Энди начинало казаться, что он попал в какой-то дурдом. С одной стороны это было круто, что тебя так холят, лелеют, берегут, а с другой стороны напоминало свиноферму, где поросят выращивают на убой. Одно было хорошо, на счет Энди, открытый в сингапурском банке, уже упало 490 тысяч долларов. Еще десять тысяч Энди взял наличными на всякий случай (мало ли что). Остальные 500 тысяч ему полагалось получить по завершении контракта. Эти суммы ошеломляли парня, привыкшего горбатиться за гроши. Энди ловил себя на мысли, что вот-вот проснется, сказка растает, и он окажется… черт его знает, где он окажется.
Четверо суток он был окружен слугами, которые не отходили от него ни на шаг, превращая в холеного красавца, достойного того, чтобы быть оттраханным его высочеством. Энди почти не выходил из процедурных комнат, и к концу уже так вымотался, словно разгружал вагоны. Да, оказалось, что наложником быть нелегко.

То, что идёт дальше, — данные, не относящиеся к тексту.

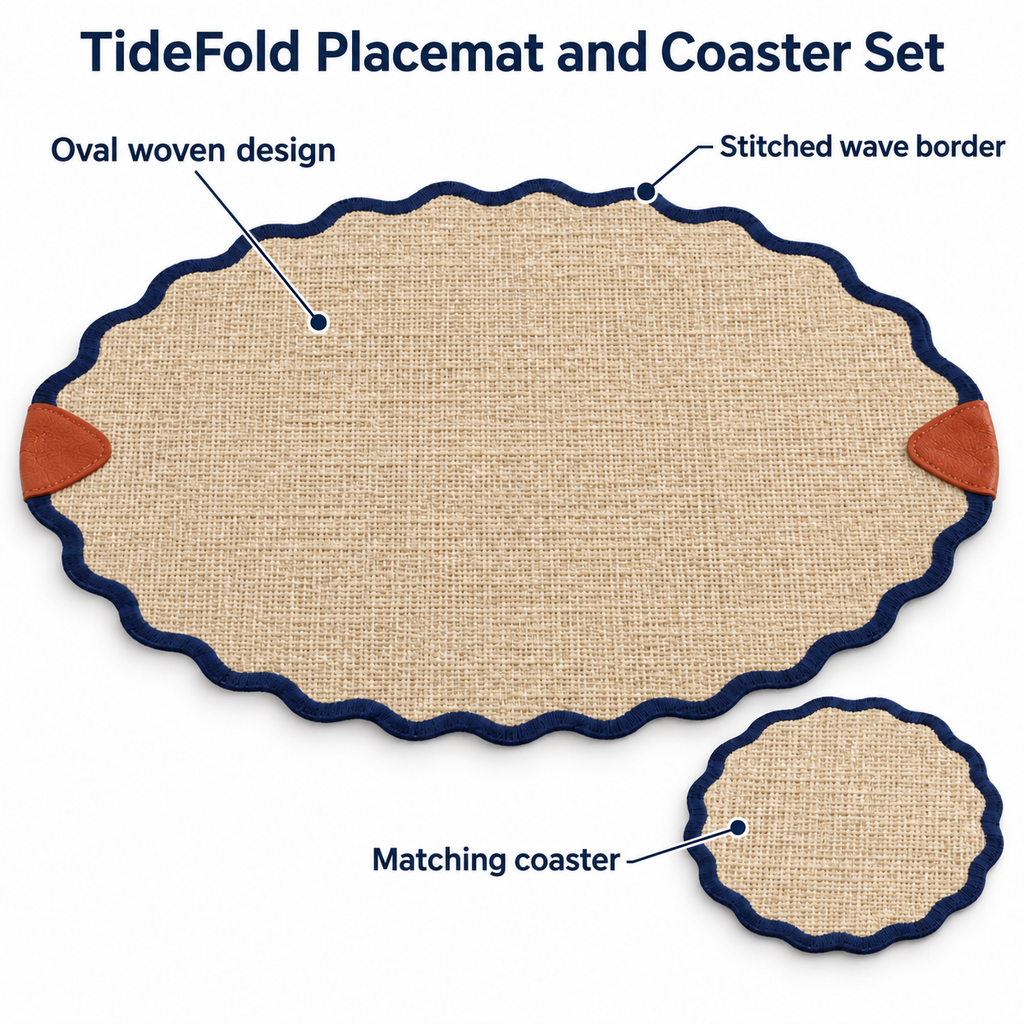 TideFold Placemat and Coaster Set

На вопрос, когда принц, наконец, соизволит допустить его в свои покои, Али пожал плечами. Все зависит от того, что принцу взбредет в голову. Он может прислать за Энди прямо сейчас. А может, через несколько дней. Но редко вновь прибывший в гарем наложник оставался “без дела” больше недели. Хотя (тут Али нахмурился) в последнее время его высочество несколько охладел к гарему. В чем была причина охлаждения – Али не говорил, но Энди показалось, что он знает эту причину. Алверт. Ах, Лешка, Лешка, что ж ты за человек! У британских аристократов от тебя крышняк сносит, арабские принцы забывают про свои гаремы. А простой московский парень Энди… да, тоже тоскует по тебе. Но он, простой московский парень, знает, что ты, Лешка тоже тоскуешь по нему, какие бы британские аристократы или арабские принцы тебя ни обнимали и ни целовали. И потому простой московский парень круче всех этих надутых шишек, которые мнят себя вершителями мировых судеб.